Start of INFORMATION SUPPLIED

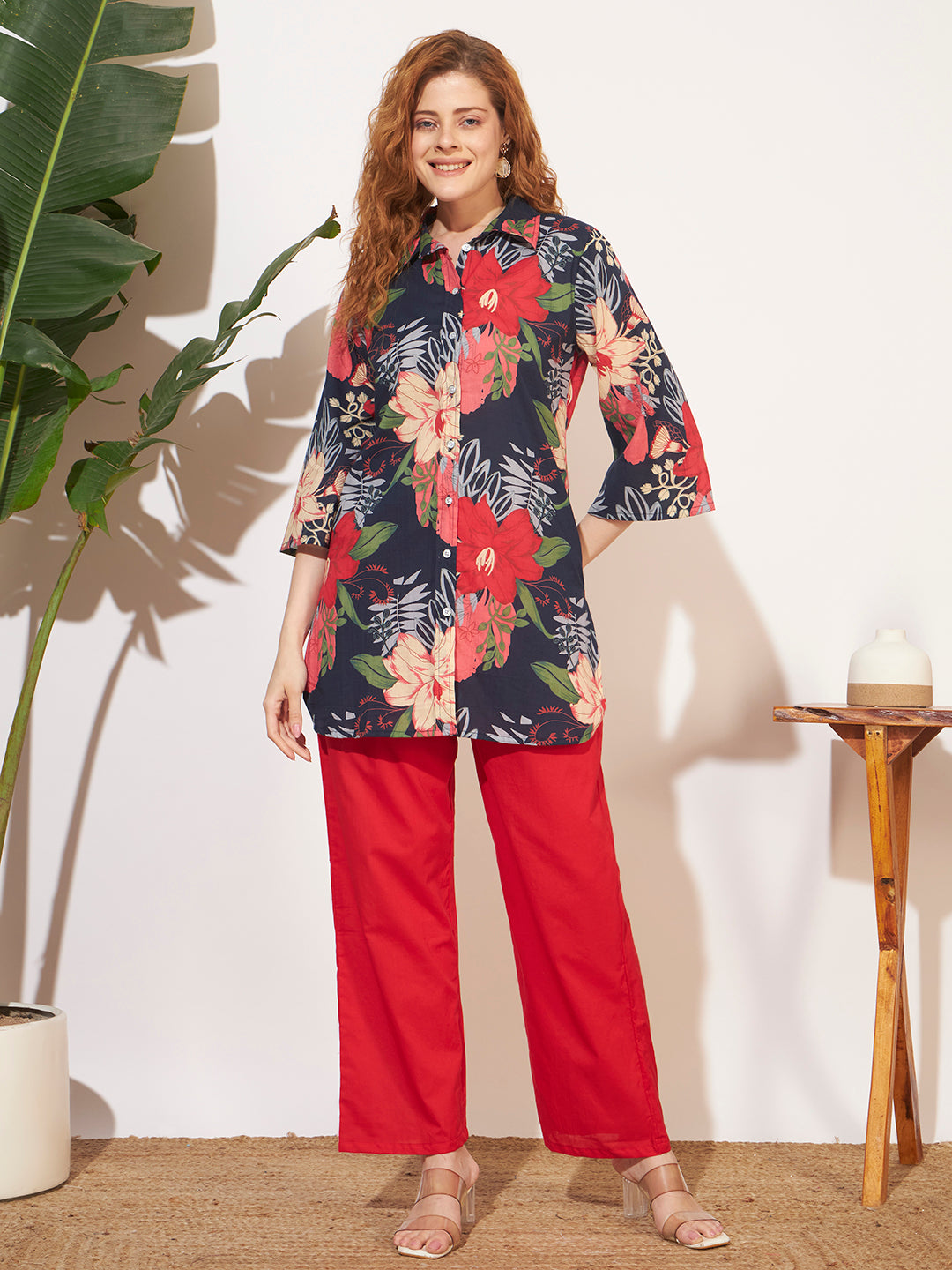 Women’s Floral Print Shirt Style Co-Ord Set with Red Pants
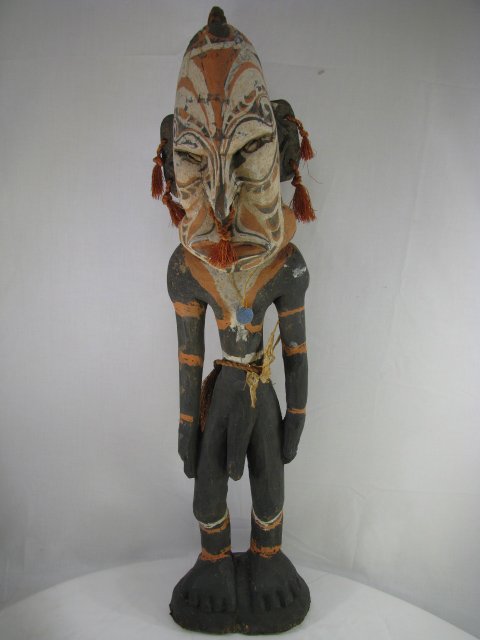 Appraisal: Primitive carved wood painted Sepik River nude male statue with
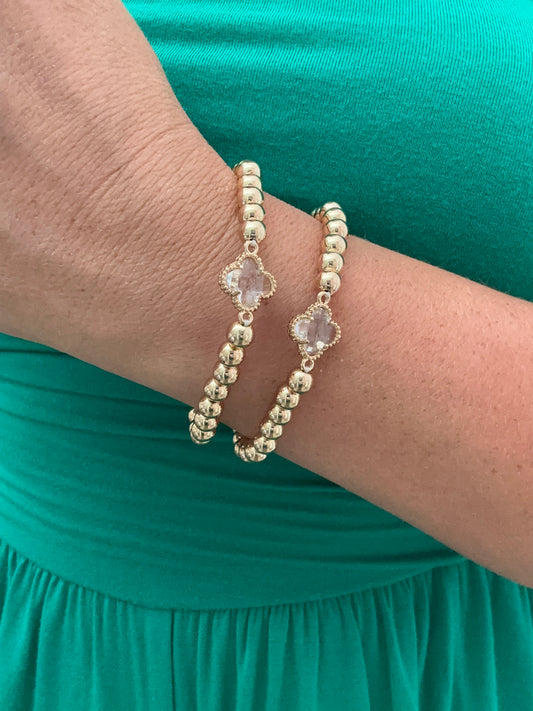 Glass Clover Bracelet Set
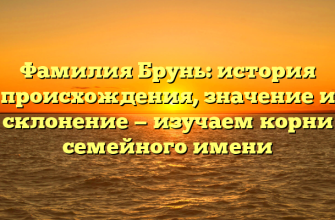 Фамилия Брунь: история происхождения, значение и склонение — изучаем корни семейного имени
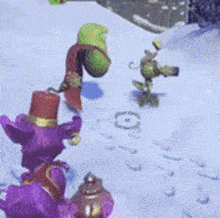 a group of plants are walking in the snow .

End of INFORMATION SUPPLIED

▸ **WHAT IS REQUIRED**
Output the data exactly as it appears. The pictures do not belong in it.

▸ **TASK OUTPUT**
 Women’s Floral Print Shirt Style Co-Ord Set with Red Pants
 Appraisal: Primitive carved wood painted Sepik River nude male statue with
 Glass Clover Bracelet Set
 Фамилия Брунь: история происхождения, значение и склонение — изучаем корни семейного имени
 a group of plants are walking in the snow .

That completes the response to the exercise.